Her memories resurfaced Feb. 11 when she participated in a group reading of excerpts from “The Man Born to be King,” a book of 12, 45-minute plays for children about Christ’s life originally performed on BBC radio in Great Britain from December 1941 to October 1942.
The plays were written by Dorothy Sayers, best-known as a writer of mystery novels but also a poet who wrote books about the Christian faith, once translated Dante’s “Divine Comedy” and was a friend of C.S. Lewis, who read “The Man Born to be King” every Holy Week.
Katy Wehr, a Catholic musician, former faith formation coordinator at St. Mark in St. Paul and member of Holy Family in St. Louis Park, presented opening remarks on Sayers and led a 90-minute session where the dozen participants read parts from several scenes in Sayers’ plays. They sat at conference tables pulled into a “U” to create an intimate, conversational setting.
“Hearing (the speakers) reminded me of when I was a child listening to the radio,” Sister Virginia said. During the readings, she imagined each of the characters and life lived in the time of Christ.
Wehr earned her doctoral degree in divinity in 2017 at the Institute for Theology, Imagination and the Arts at the University of St. Andrews in Scotland. Her dissertation addressed “Bible and Theology at Work: The Creative Energy of Dorothy L. Sayers’ ‘The Man Born to be King.’”
Sayers’ purpose, Wehr said, was to help participants picture each character as a real person. The plays were intended to be heard, not read.
“She wanted people to know that those in a Gospel story are not just people in a story,” Wehr said. “These were real people who lived real lives. They encountered Christ in real ways, whether meeting him on the street, hearing about him or hearing him teach.”
Lent is a great time to read — or hear — the plays, Wehr said. “The plays try to show a bigger story of Christ’s coming, of who Christ is. That the Nativity is not just one event that happened, but the beginning of the story that ends with the crucifixion and resurrection.”
The event at the Benedictine Center is one way to encourage more people to read the plays, Wehr said. “When they do, it makes them think about the Gospel stories in a new, more experiential way,” she said.
The plays were controversial in their time. In 1941, by law in England, performances involving Jesus were to show him as a light from above or a voice heard offstage. When snippets about the plays were released before full airing, some feared that portraying Jesus interacting with others would sound blasphemous.
Similarly, audiences were accustomed to actors speaking words directly from Scripture. Hearing that Sayers’ characters would speak conversational, contemporary English created an uproar. One newspaper headline read: “BBC radio plays in American gangster slang.”

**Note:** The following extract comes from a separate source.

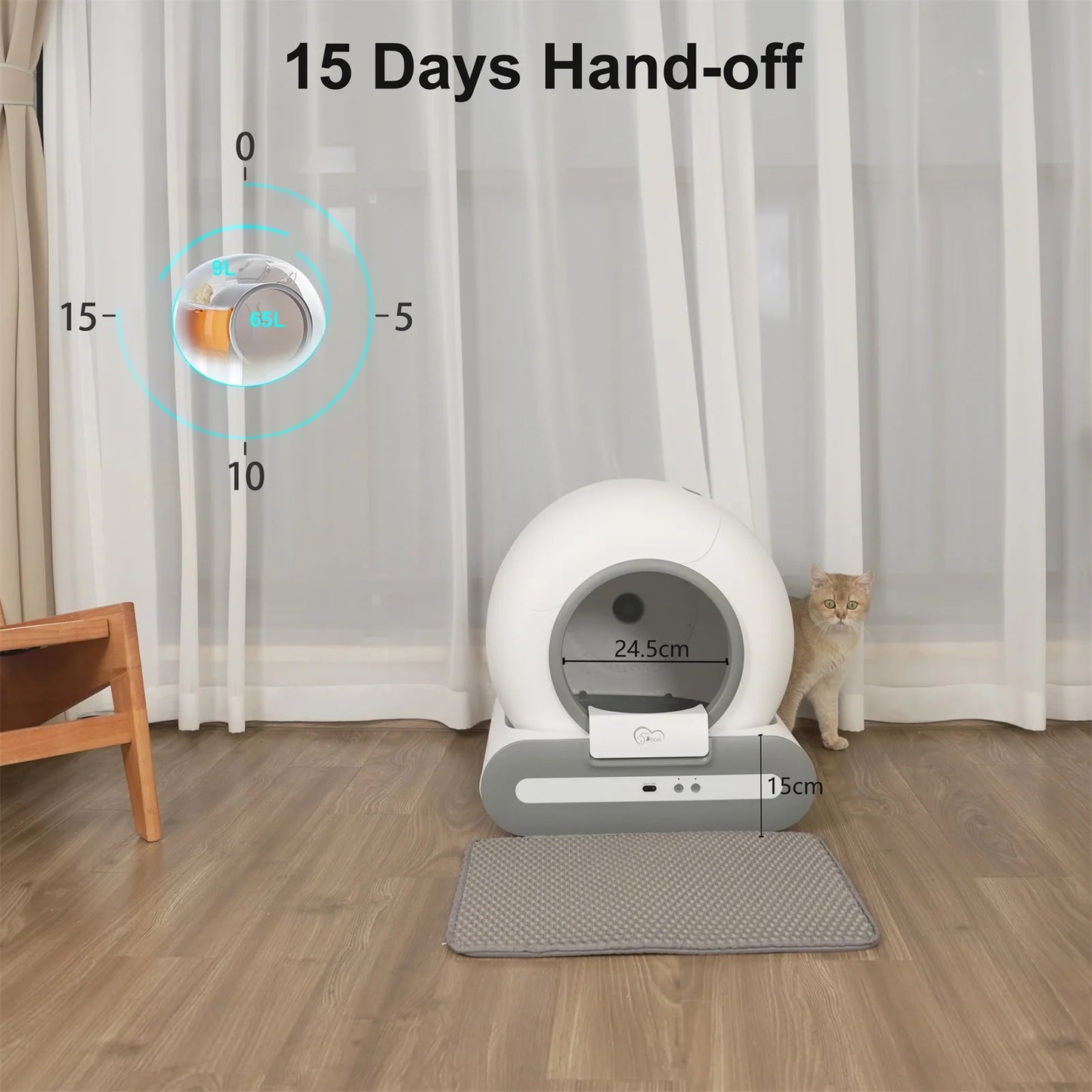 Automatic Cat Litter Box with mat - Self-Cleaning with App Control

In Sayers’ plays, the disciples spoke in British dialects. The character of Matthew, for example, was written to speak in a cockney accent. Sayers’ intention was to emphasize that “Jesus was for everyone,” Wehr said.
Sayers wanted to break through what she called “stained-glass window decorum,” Wehr said. “These are real people.”

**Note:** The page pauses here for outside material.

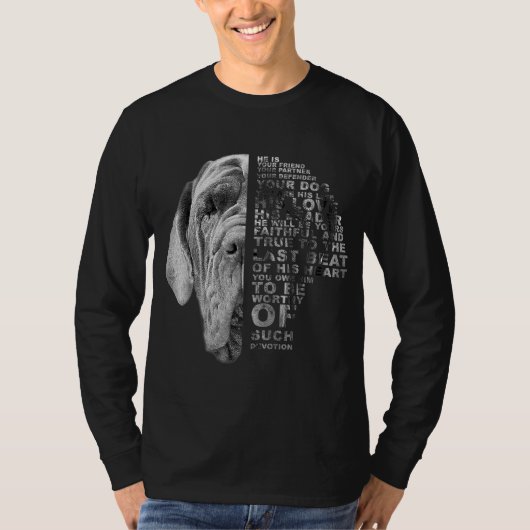 彼は君の友人だ君の相棒は犬の英語の馬だ Tシャツ (正面)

Once the plays hit the radio waves, they were received positively, she said.
The 12 plays cover Christ’s life from his birth to his death and resurrection. For example, plays nine through 12 depict the Last Supper, Jesus’ trial, his crucifixion and resurrection, including reaction of the disciples to all that was happening.

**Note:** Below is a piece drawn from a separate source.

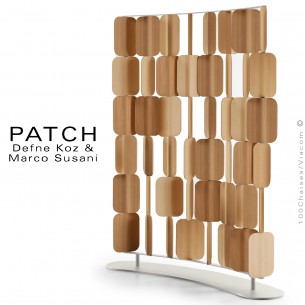 Panneau séparateur courbe PATCH, insonorisant capable de garantir l'intimité, structure peint, séparateur individuel bois.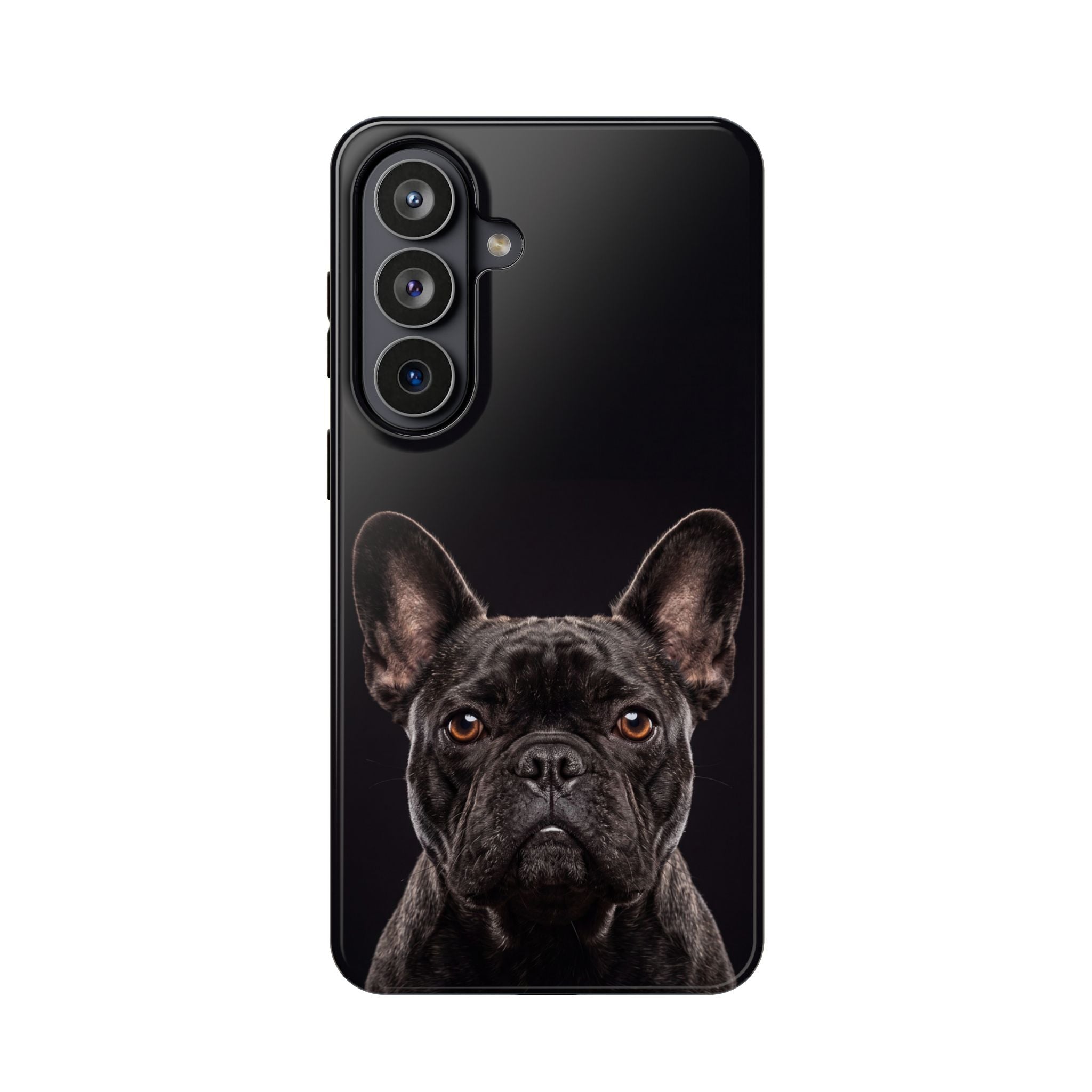 Black French Bulldog Phone Case — Impact-Resistant Wireless Charging Cover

A longtime fan of Sayers’ mystery novels, Erin Sim of St. Albert the Great in Minneapolis, said she participated in the reading to learn more about the theological side of the author’s work.
Sim said she especially admired how Sayers’ wording humanized the characters. “It gives them more life than Scripture does,” she said. “That appealed to me.”
The last scene read at the Benedictine Center described Jesus reuniting and breaking bread with his disciples after his resurrection. It brought the characters to life, Sim said.
“These people had lost their teacher, their friend,” she said. For example, “they understand the subtle hierarchy in a group of friends. ‘Of course, it hurt you the most, John. You were the closest to him.’”
“People always surprise me by their deep reactions to different lines or ideas in the plays,” Wehr said, “and I get more out of the plays each time, too.”
Wehr said Catholic theater, the arts and literature can do a lot to nurture spiritual growth.
“God speaks to us in many different ways,” she said. “Even if people are not musicians, actors or dancers, God can use attending the arts to speak to us. And for people who are not artistic, often using the arts and our faith together becomes a kind of prayer.”